For financial institutions, one of the most disruptive consequences of the new normal is heightened staffing shortages. According to The Financial Brand, four out of five banks worry about staffing, with many concerned that the employment culture shift may be permanent.

Coinciding with the banking labor shortage is the unfortunate fact that financial crime has greatly proliferated throughout the pandemic. New crime is also harder to detect and likely to intensify. To make matters worse, banks face increasingly demanding compliance mandates and regulatory rules. These requirements necessitate strong compliance units, which banks are finding difficult to staff.

The OCC calls attention to this situation in its Spring 2022 Semiannual Risk Perspective, saying, “Recruiting and retaining talent with the desired level of knowledge and experience is a growing challenge in the banking sector.” It further acknowledges that these staffing issues exist concurrently with unprecedented regulatory challenges, but regulators cannot afford to lower their standards or put new initiatives on hold because of lack of capacity in those they regulate.

So, the new normal poses a double-barreled dilemma for banks. How can your organization deal with the new onslaught of pandemic-resultant financial crime while at the same time confronting a qualified staffing shortage?

Turning a problem into an advantage

Unfortunately, even a sudden surge of new employees can’t overcome the disadvantages of outdated monitoring. Instead of agonizing over staffing shortages, progressive FIs are turning to AI-driven detection systems to mitigate financial crime, avoid the pitfalls of the new regulatory environment and confront staff shortages at the same time.

Fintech providers are stepping up to provide new solutions that address all three situations. Thanks to current advances in financial crime-fighting technology, a solution to this interconnected, new-normal problem may not be all that far out of reach.

The best higher-tech programs help alleviate staff shortages and enhance compliance in the following ways:

  • They drastically reduce the number of false positives.
  • Such a reduction in false positives greatly reduces investigatory time, resulting in huge labor savings, allowing regulated institutions fully to comply with the demands of greater regulation with the headcount that they have, even being able to redeploy some staff.
  • They allow employees to focus more on real cases of suspicion rather than spending their days trawling through a sea of false positives. This leads to greater employee satisfaction (and therefore retention) and greater productivity.
  • They relieve regulatory pressure by delivering maximum compliance and fully explainable reports.

It goes without saying that yesterday’s financial crime detection techniques are woefully inadequate. Rules-based solutions are just not able to keep pace with emerging new attack vectors. Not only do existing transaction monitoring systems (TMS) miss a substantial portion of real suspicious cases in the information contained in existing data sets, but the manual processes that go along with them cannot separate the noise from the real threats.

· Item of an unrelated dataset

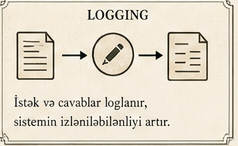 Logging arxiv kartı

Also, think of all the wasted investigator hours running down false positive alerts. Reliance on old technology and overworked investigators leads to serious shortcomings in AML and fraud compliance. In fact, according to Forbes, financial institutions were fined a staggering $2.7 billion in 2021, and it looks like this level of fines will continue to grow.  Furthermore, whereas fines cause real monetary losses and reputational damage, it must be remembered that for every fine published, there are hundreds, if not thousands, of personnel hours spent in defending the firm in the disciplinary case, which diverts talent away from earning revenue and can hurt a financial institution more than the fine itself.

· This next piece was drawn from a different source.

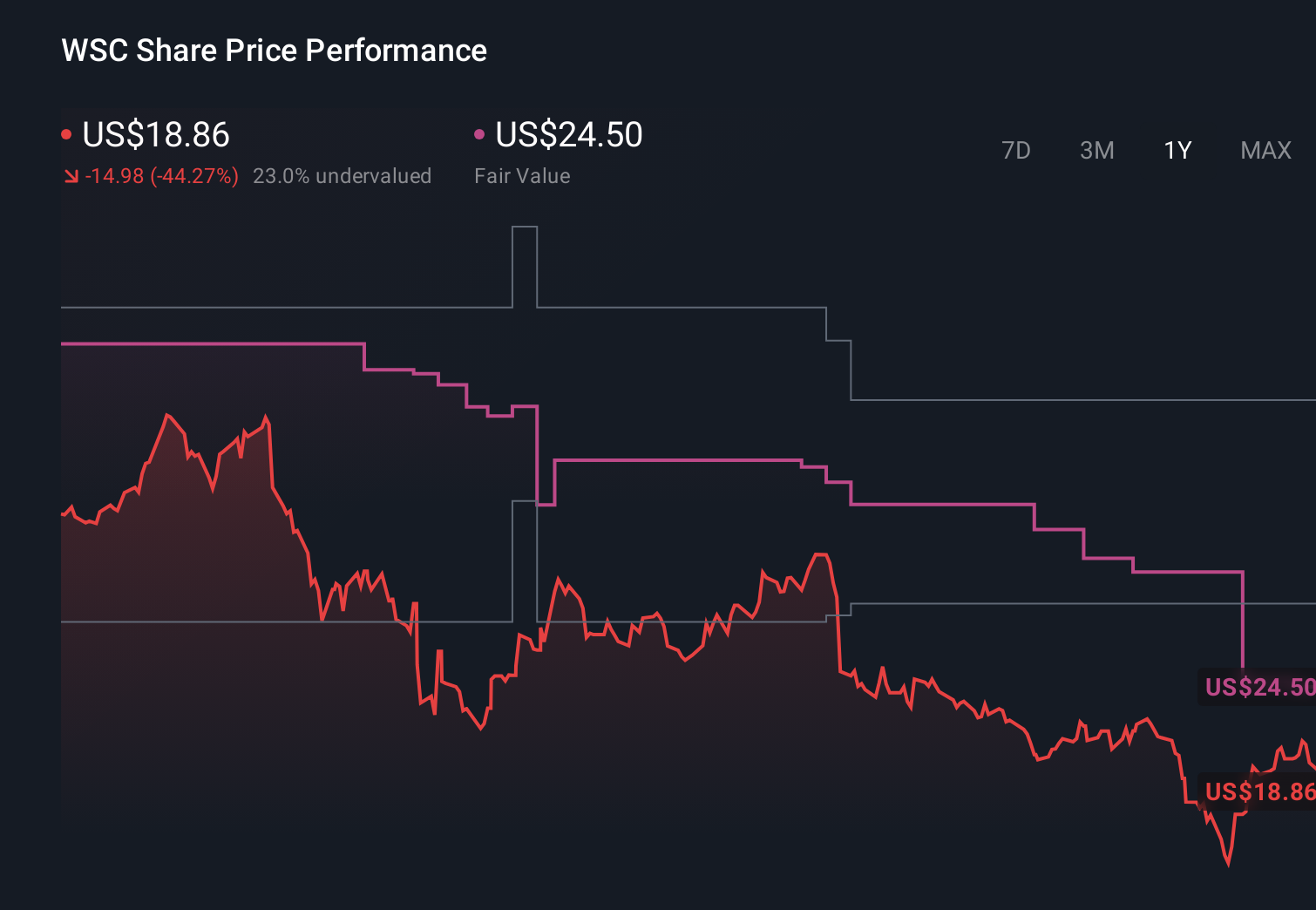 WSC 1-Year Stock Price Chart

In addition to helping alleviate staff shortfalls, the best AI-driven platforms target money laundering with exceptionally high speed and precision, keeping pace with new crimes and regulatory changes. But if the lack of qualified staff is still what concerns you the most, consider this: having employed a top-rated AI-detection platform, one FI reports a $50M annual savings measured in staff that did not have to be hired to handle climbing transaction volumes.